Compulsados os autos verifica-se que, recebida tal certidão nos Serviços do Ministério Público desta comarca, tendo sido autuado o processo de inquérito, foi de imediato (no dia 24/10/2008) determinado o arquivamento dos autos, por inexistência de crime (cfr. fls. 26).

O Ministério Público, em despacho proferido no dia 3/11/2008, ponderando que a certidão havia sido remetida para “se averiguar da eventual responsabilidade criminal (ofensa à integridade física por negligência) e/ou contra-ordenacional”, determinou o “reinício” do inquérito e determinou a realização de diversas diligências (cfr. fls. 28).

Em tal despacho, o Ministério Público não deixou consignado porque razão “reiniciava o inquérito”, não tendo ponderado o facto de não ter sido apresentada queixa relativamente ao crime alegadamente indiciado.

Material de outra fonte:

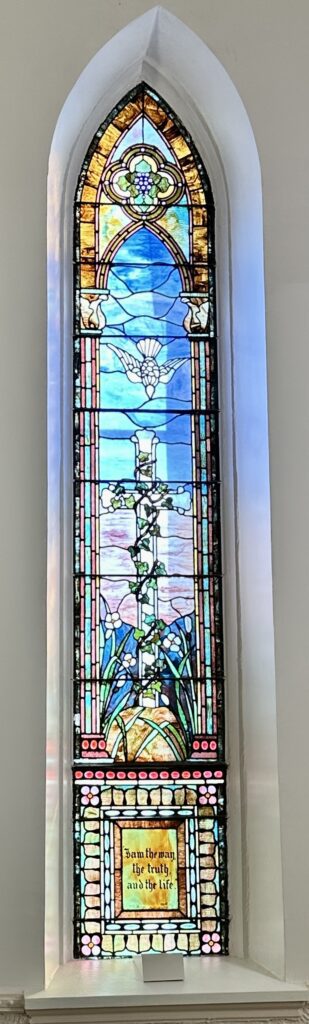 A stained glass window with a cross on it.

O inquérito correu os seus termos até que, no dia 29/5/2009 (cfr. fls. 123), o Ministério Público determinou a inquirição da mãe do menor (a qual até esta data não tinha sido “vista, nem achada” no processo), para que a mesma esclarecesse “se pretende ainda procedimento criminal contra estes arguidos”, diligência que foi realizada no dia 6/7/2009 (cfr. fls. 140), ou seja, um ano e um dia depois da ocorrência dos factos, na qual a mãe do menor referiu que “pretende procedimento criminal contra os arguidos”.

Conclui-se, assim, que, não tendo a mãe do menor formalizado qualquer queixa-crime para dar início ao processo, iniciado o mesmo, a declaração formalizada mais de um ano depois da ocorrência e do conhecimento dos factos, nos termos do artigo 115.º/1 do Código Penal, é irrelevante, por já ter decorrido o prazo (de 6 meses) previsto para exercício tempestivo do direito de queixa – tendo-se extinto, no dizer da lei, o direito de queixa.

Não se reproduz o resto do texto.